What Role Can AI Play in Service Lifecycle Automation?

I hate to open another hype can of worms, but this is a question that has to be asked.  Is there a role for artificial intelligence (AI) in service lifecycle automation, virtualization, SDN, and NFV?  The notion raises the specter of a glittering robot sitting at a console in a network operations center, and surely, we’re going to be seeing media stories along these lines, because excitement and not realism is the goal.  Underneath the overstatement and underthinking, though, there may be some very interesting truths.

I asked an old friend who runs a big NOC my opening question, and the first response was a wry “I’m wondering if there’s a role for natural intelligence there!”  On further consideration, I got what I think is the starting point for the whole discussion, “It depends on what you mean by AI.”

What Wikipedia says about AI is “In computer science, the field of AI research defines itself as the study of “intelligent agents”: any device that perceives its environment and takes actions that maximize its chance of success at some goal.  Colloquially, the term “artificial intelligence” is applied when a machine mimics “cognitive” functions that humans associate with other human minds, such as “learning” and “problem solving”.

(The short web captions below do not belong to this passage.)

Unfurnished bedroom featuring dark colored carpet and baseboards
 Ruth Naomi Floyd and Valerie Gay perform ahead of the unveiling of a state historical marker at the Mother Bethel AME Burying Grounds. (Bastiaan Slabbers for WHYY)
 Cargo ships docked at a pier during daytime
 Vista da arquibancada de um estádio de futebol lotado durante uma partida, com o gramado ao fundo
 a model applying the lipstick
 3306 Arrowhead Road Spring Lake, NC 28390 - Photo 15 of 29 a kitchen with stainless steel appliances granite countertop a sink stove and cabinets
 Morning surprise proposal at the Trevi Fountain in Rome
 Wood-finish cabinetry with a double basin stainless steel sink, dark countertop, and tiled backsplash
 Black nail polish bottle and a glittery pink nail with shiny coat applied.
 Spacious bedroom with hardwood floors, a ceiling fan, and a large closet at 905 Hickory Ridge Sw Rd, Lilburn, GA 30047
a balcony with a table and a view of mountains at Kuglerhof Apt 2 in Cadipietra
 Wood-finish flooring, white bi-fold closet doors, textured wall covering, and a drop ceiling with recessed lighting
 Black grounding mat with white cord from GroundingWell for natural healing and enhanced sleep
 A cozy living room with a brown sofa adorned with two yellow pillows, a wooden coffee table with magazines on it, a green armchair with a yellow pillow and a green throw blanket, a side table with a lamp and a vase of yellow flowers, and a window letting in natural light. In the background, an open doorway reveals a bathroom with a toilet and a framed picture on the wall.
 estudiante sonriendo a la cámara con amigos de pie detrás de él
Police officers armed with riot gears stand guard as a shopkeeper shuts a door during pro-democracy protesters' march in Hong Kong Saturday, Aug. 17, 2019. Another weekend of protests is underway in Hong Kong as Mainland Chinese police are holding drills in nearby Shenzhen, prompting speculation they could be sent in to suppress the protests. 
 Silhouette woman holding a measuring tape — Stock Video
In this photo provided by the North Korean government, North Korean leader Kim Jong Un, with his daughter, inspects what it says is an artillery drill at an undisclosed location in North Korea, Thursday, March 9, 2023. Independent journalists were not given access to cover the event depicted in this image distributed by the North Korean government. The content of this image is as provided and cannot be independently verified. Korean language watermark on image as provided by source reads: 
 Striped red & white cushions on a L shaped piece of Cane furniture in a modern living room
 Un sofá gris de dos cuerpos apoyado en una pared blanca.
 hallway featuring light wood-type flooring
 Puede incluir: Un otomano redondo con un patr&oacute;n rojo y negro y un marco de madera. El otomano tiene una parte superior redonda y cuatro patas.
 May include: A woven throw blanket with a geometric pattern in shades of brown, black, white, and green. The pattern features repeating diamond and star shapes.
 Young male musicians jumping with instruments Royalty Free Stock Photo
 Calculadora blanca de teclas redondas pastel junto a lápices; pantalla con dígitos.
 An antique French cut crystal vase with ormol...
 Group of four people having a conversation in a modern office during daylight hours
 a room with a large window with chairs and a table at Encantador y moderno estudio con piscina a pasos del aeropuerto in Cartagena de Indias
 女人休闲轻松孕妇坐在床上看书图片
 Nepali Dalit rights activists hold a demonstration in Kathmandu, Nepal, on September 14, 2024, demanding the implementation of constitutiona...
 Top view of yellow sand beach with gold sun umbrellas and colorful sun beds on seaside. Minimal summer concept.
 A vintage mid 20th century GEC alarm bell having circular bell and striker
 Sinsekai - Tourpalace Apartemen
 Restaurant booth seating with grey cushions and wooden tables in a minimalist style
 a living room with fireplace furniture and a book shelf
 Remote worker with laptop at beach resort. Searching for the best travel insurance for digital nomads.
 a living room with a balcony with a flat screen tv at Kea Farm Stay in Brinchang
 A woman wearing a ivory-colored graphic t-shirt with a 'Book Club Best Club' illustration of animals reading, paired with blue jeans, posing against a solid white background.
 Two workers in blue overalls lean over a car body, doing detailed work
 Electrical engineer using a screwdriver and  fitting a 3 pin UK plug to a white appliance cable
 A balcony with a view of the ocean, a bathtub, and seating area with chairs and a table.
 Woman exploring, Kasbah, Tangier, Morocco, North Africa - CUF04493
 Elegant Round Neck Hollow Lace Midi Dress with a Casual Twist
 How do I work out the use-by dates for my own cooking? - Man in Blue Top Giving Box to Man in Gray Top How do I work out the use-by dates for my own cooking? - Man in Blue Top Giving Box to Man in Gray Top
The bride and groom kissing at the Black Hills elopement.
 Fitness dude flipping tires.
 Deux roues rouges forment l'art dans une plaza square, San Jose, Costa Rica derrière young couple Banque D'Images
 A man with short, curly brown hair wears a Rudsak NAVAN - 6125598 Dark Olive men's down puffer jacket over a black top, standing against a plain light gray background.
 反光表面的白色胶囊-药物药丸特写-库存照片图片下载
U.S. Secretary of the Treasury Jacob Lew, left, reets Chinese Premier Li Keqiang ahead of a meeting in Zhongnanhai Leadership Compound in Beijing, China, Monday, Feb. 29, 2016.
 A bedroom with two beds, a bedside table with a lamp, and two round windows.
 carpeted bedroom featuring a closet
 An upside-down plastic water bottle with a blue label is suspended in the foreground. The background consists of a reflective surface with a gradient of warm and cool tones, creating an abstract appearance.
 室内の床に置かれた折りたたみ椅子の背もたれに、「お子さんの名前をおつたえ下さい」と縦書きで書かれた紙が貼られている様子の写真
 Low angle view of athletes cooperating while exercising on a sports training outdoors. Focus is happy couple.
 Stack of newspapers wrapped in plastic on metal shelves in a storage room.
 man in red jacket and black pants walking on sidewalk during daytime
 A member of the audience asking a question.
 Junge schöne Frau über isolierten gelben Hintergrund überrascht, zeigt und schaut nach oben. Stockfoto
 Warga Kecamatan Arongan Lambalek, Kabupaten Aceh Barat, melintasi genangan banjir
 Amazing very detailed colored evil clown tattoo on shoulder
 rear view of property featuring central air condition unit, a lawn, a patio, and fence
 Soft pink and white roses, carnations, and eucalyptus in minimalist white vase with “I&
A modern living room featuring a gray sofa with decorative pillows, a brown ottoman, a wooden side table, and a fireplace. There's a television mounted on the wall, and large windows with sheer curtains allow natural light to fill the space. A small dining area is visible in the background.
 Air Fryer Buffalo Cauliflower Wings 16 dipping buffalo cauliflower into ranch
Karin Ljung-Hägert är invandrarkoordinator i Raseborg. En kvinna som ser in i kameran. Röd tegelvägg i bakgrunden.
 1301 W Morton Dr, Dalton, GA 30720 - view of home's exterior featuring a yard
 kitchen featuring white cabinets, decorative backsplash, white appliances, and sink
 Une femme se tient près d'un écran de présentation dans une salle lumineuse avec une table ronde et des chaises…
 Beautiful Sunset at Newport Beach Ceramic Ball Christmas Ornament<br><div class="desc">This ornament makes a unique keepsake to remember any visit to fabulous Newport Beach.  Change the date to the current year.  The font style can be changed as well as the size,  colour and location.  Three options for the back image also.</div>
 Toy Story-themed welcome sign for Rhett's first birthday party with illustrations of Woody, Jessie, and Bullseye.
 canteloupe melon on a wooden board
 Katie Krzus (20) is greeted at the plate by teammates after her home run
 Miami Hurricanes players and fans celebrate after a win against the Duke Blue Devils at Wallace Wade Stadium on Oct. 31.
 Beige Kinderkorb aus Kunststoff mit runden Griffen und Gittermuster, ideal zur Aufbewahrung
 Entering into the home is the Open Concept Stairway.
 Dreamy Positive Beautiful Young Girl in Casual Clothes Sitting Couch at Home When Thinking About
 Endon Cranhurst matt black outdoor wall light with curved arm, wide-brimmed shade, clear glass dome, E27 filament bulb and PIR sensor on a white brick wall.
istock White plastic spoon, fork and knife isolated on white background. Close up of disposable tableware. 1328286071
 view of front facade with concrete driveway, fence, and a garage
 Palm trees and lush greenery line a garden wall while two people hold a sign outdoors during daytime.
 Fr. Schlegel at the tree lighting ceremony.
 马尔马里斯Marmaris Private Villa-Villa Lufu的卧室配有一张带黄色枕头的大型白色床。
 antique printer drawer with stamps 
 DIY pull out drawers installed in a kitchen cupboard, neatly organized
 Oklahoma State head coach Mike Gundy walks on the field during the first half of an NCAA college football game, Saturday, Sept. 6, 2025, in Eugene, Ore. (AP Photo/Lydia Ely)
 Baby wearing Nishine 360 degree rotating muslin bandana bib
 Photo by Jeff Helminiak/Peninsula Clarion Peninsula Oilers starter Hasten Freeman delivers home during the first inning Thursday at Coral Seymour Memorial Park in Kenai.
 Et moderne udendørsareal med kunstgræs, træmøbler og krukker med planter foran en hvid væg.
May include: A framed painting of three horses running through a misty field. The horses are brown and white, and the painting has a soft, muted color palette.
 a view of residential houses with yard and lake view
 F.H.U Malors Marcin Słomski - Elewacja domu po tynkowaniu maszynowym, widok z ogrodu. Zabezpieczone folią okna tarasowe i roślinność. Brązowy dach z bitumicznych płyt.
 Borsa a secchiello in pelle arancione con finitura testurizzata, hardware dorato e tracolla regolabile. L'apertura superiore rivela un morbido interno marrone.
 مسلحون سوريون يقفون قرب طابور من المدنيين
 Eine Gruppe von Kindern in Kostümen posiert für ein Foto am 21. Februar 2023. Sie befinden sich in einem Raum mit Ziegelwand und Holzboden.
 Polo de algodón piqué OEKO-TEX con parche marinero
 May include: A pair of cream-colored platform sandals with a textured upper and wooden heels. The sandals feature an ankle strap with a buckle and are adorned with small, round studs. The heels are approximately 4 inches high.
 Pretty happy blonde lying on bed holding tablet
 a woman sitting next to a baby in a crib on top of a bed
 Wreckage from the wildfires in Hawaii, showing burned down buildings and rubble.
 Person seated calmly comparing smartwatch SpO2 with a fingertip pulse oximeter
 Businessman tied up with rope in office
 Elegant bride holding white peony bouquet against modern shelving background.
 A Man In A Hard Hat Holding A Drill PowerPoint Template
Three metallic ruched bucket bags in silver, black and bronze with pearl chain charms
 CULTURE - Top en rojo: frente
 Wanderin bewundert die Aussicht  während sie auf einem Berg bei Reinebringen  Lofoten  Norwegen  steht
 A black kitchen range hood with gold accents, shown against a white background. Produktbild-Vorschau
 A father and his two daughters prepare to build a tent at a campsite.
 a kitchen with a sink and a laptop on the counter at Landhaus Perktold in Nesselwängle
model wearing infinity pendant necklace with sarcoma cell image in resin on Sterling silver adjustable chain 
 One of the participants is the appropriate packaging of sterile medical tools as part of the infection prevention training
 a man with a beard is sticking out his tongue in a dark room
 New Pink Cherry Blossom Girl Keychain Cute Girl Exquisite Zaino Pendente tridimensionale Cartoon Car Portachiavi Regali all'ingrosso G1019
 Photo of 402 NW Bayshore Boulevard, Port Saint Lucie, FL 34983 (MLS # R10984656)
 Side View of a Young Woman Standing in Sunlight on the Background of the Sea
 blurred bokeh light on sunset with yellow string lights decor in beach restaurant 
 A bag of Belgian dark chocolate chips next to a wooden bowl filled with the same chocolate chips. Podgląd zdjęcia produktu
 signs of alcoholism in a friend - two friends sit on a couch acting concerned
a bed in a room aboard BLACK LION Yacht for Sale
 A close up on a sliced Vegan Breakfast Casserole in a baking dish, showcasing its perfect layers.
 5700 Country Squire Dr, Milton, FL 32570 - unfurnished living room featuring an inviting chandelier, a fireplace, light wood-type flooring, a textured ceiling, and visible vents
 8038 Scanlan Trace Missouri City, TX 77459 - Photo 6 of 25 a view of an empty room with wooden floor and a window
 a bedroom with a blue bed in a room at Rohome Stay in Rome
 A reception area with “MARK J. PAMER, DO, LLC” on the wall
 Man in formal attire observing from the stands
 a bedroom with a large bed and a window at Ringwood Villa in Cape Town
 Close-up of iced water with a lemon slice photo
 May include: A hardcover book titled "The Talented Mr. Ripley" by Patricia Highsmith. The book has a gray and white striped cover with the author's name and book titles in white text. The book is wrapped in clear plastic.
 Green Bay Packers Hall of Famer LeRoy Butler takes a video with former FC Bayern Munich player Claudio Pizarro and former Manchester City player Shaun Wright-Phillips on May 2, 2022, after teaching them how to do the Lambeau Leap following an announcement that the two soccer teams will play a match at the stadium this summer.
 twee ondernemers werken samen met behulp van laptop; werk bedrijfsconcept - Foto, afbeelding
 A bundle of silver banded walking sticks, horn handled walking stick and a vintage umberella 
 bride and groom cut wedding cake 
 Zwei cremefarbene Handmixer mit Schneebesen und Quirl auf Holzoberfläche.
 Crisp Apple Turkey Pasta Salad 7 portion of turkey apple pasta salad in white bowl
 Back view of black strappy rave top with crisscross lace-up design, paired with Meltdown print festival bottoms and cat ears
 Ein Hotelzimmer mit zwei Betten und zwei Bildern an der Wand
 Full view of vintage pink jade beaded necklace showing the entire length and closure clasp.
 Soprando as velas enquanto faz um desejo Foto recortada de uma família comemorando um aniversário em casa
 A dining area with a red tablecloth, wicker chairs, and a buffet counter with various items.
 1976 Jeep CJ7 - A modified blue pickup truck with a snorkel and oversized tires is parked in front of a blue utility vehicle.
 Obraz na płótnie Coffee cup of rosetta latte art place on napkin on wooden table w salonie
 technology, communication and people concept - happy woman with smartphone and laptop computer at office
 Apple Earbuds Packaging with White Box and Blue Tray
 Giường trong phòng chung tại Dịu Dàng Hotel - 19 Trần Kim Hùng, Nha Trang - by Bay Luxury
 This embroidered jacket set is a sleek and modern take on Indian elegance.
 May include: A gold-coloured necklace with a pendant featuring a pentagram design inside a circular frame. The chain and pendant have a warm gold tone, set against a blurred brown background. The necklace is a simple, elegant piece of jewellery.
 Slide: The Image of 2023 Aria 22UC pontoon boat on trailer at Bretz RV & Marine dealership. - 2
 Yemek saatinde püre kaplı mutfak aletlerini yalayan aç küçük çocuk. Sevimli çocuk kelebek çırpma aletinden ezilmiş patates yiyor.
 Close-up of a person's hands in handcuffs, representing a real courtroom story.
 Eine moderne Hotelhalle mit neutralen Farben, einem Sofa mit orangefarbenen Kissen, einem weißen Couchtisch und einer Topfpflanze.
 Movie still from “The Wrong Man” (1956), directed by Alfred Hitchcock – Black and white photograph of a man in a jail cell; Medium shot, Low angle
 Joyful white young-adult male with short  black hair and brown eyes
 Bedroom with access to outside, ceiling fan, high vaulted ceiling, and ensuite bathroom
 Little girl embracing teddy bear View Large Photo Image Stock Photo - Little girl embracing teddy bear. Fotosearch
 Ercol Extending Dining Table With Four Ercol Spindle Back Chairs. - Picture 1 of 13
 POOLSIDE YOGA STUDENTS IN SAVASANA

If we take the formal, first, definition, it’s pretty clear that service lifecycle automation would fall within the scope of AI.  If we take the second, it’s a bit fuzzier, and to decode the fuzz we have to look deeper at the mission itself.

Service lifecycle automation is based on the notion that a given network service has a desired state of behavior, one that was sold to the service user and designed for by the network engineers who put the whole thing together.  The purpose of service lifecycle automation is to get a newly ordered service into that preferred state and keep it there for the lifetime of the service.  At that point, any capacity or resources would be returned and the service would be no longer available.

Not even a human operator would be able to perform this task without knowing what the preferred state of the service was, and also the current state of the service.  Generally, NOC personnel managing service lifecycles manually would respond to a condition that changed service state from the goal state, and that response would be expected to get things right again.  This process has become increasingly complicated as services and infrastructure become more complicated, and as a result there’s been growing focus on automating it.

DevOps tools are an example of automation of software deployment tasks, and much of network service lifecycle automation is based on similar concepts.  DevOps either supports the recording of “scripts” or series of steps that can be invoked either manually or in response to an event, or the definition of a series of possible states and how, in each state, processes would facilitate the transformation of the service into that ideal state.

In AI terms, the person who puts together these scripts would be called a “subject matter expert”, and would be expected to sit down with a “knowledge engineer” to transfer expertise into machine-applicable form.  I would argue that this is what happens when you do DevOps, or when an expert defines the state/event and event/process relationships associated with service lifecycle management.  This is why I think that the first definition of AI is met by the kind of service lifecycle automation I’ve been blogging about for years.

The real AI question, then, is that second part of the definition, coupled with the pithy comment of the NOC manager.  Would there be a value to a “cognitive” component to service lifecycle automation, one that perhaps involved “learning” and “problem-solving?”  If so, what might this component look like, how would it help, and how could it be implemented?

Most NOC people and operations specialists I’ve talked with say that they would not want a service lifecycle automation system to simply run off and do stuff in defiance of specific rules to the contrary, any more than they’d want ops personnel to do that.  That means that if we have a specific condition and specific instructions to do something when that condition arises, the AI system should do it.  No cognition there.

However, every NOC/operations type knows that there comes a time in service lifecycle management known as the “Oh **** moment”.  Everyone in technology operations has experienced one of these.  They usually happen for one of two reasons.  First, a bunch of bad things happen all at the same time.  In state/event terms, this means that you either have a flood of events or you have a combination of events that you never thought about, and didn’t create a state for.  The second reason is that you take what is supposed to be a restorative action and things get worse rather than better.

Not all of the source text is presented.